1) your original claim that clubs/LSCs are forced to buy the USA Insurance; i dare you to prove it.

2) the minutes of the Central Indiana meeting advising a club can be dissolved and reformed. Do you have those minutes.

If you have proof, I have an strong opinion about both, and I'm not afraid to post with my name.

Anonymous said...

Where have we heard this before?

http://www.swimmingexposed.com/brokenarm.htm

This is not a mistake. This appears to be the overriding legal tactic of an organization out of control.

Anonymous said...

If USSIC contracts to Lexington, isn't is just a shell company? This arrangement seems to be a means to hide financial transactions from someone. Who are they hiding from? Membership, board members, IRS?

Tony Austin said...

Yes, it is a shell corporation which is a legal and even though they contract out it still makes a profit off the swimmers it protects.

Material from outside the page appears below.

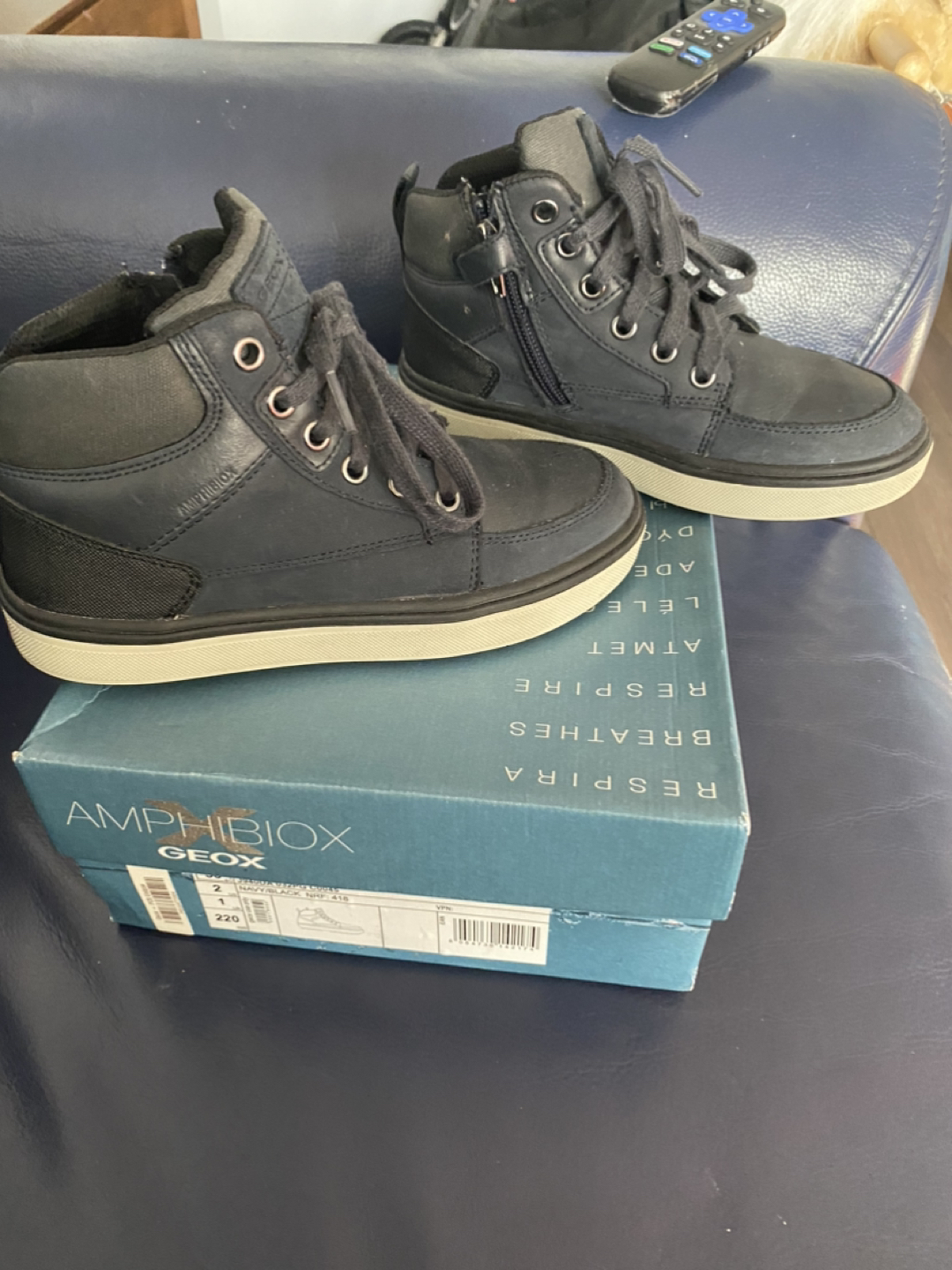 Boys Geox shoes size 33 US 2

This is all fine and look in my opinion if the money is going back to the swimmers in some way. However, what if it is going to unnamed "consultants" and/or "contracts" unrelated the the USA-S swimmers?

Anonymous said...

Just because the concept is legal, doesn't mean this particular instance is legal. It doesn't make sense. There are expenses to having an off-shore company. USAS could place their insurance needs with Lexington w/o leaving Colorado Springs and w/o a second management structure.

There are some advantages to having the off-shore company, and most are illegal. Hiding money and tax avoidance top the list. Both could be true with USSIC/Lexington and USAS.

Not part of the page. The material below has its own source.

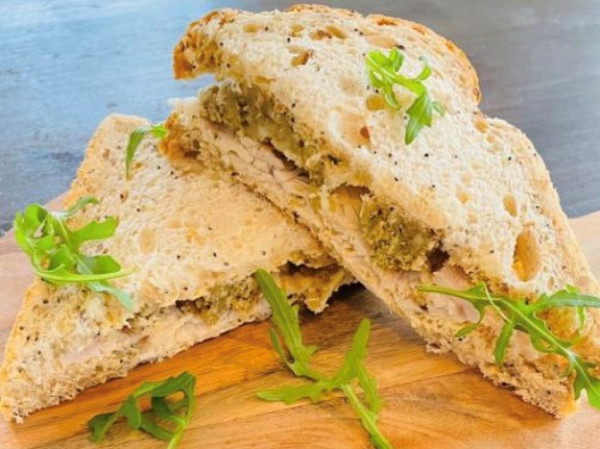 Turkey & Stuffing Sandwich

I assume by your use of quotes around the word consultants, that you mean additional salary to USAS management, and those who need to keep their mouth shout.

If swimmers are benefiting, USAS should explain how.

Tony Austin said...

I fully agree.

And you got the meaning of my quotations correct as well. I suspect that that too would not be illegal as well I believe.

Ironic that a non profit designed to create an Olympic team for the United States has a foreign born corporation that they own with no transparency.

Anonymous said...

Using a foreign corporation is more than ironic. It's unpatriotic and suspicious.

Does anyone know the rationale behind it?

USAS pays premiums and makes $1.7M annual capital contributions to USSIC. (from the minutes of the Sep 11, 2011 USAS board meeting). If it used Lexington directly, it would only pay premiums. I wonder how many board members voted to approve this, but have little idea why it even exists.

Weilgus raised a fuss when a company presented another insurance alternative to the LSCs. He claimed the cost was much higher, but if part of the membership fees go toward a capital fund, this needs to be added to the premium. The travel expenses for USAS staff to attend USSIC board meeting in Barbados may be funded by USAS; if so, should be added to the cost.